Des ONG réunies au sein de Réseau action climat (RAC) ont déjà annoncé qu’elles boycotteraient le G7, dénonçant la décision de l’Elysée de "limiter le nombre d’accréditations des ONG" et de "les garder à l’écart du sommet".

Eprouvées par la crise des "gilets jaunes, les autorités françaises ont mis en place un "dispositif exceptionnel" pour une "vigilance maximale" : robots démineurs, drones, sauveteurs, plongeurs, brigades canines… avec l’appui de l’armée et de la sécurité civile.

"Nous ne tolérerons aucun débordement", a prévenu le ministre de l’Intérieur Christophe Castaner, identifiant "trois menaces majeures" : des débordements lors de manifestations, l’hypothèse terroriste et la menace de cyberattaques.

La France loue aussi sa "coopération exceptionnelle" avec Madrid, qui a mobilisé près de 3 000 forces de l’ordre, sans compter la police de la région autonome basque. La vue de véhicules de la "Guardia Civil" sur les routes côté français fait toutefois grincer des dents certains sympathisants de la cause indépendantiste basque.

Après de longs mois de crise des "gilets jaunes", policiers et gendarmes doivent à nouveau se mobiliser. Leur moral est "excellent", assurent les autorités françaises. Mais pour des syndicats de police qui dénoncent depuis des mois l’épuisement dans les rangs, le G7 vient comme "une cerise sur le gâteau" au goût amer.

Pour un éventuel traitement judiciaire de fauteurs de troubles, un dispositif spécial a été mis en place sur la Côte basque, avec 17 procureurs et 300 places de gardes à vue.

Selon l’Elysée, Biarritz attendait 2 000 journalistes accrédités et 3 000 membres des délégations, soit quelque 25.000 nuités pour les hôtels de la région, qui devraient compenser en partie la fuite des touristes.

La ville a été bouclée à double tour dès jeudi soir : deux zones très strictes ont été délimitées en centre-ville, la rouge et la bleue, et il faudra montrer patte blanche, un casse-tête pour habitants et commerçants.

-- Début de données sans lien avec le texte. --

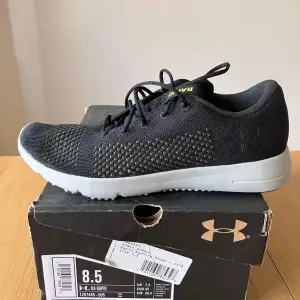 Säljer ett par snygga svarta sneakers från Under Armour i storlek 42. De har en stilren design med vita sulor och diskreta gröna detaljer. Perfekta för träning eller vardagsbruk. Skorna är i mycket bra skick och har bekväm passform med snörning för optimal passning.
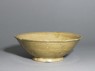 Greenware bowl with foliated rim (oblique)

Pour le maire Michel Veunac (Modem), critiqué par ses administrés pour avoir gâché la saison touristique, il n’était pas question de dire non à Emmanuel Macron, qui a personnellement choisi Biarritz.

"Comment notre ville, qui a historiquement une vocation d’accueil, aurait pu refuser le plus grand évènement de la planète ? ça ne se discute pas !", plaide l’édile.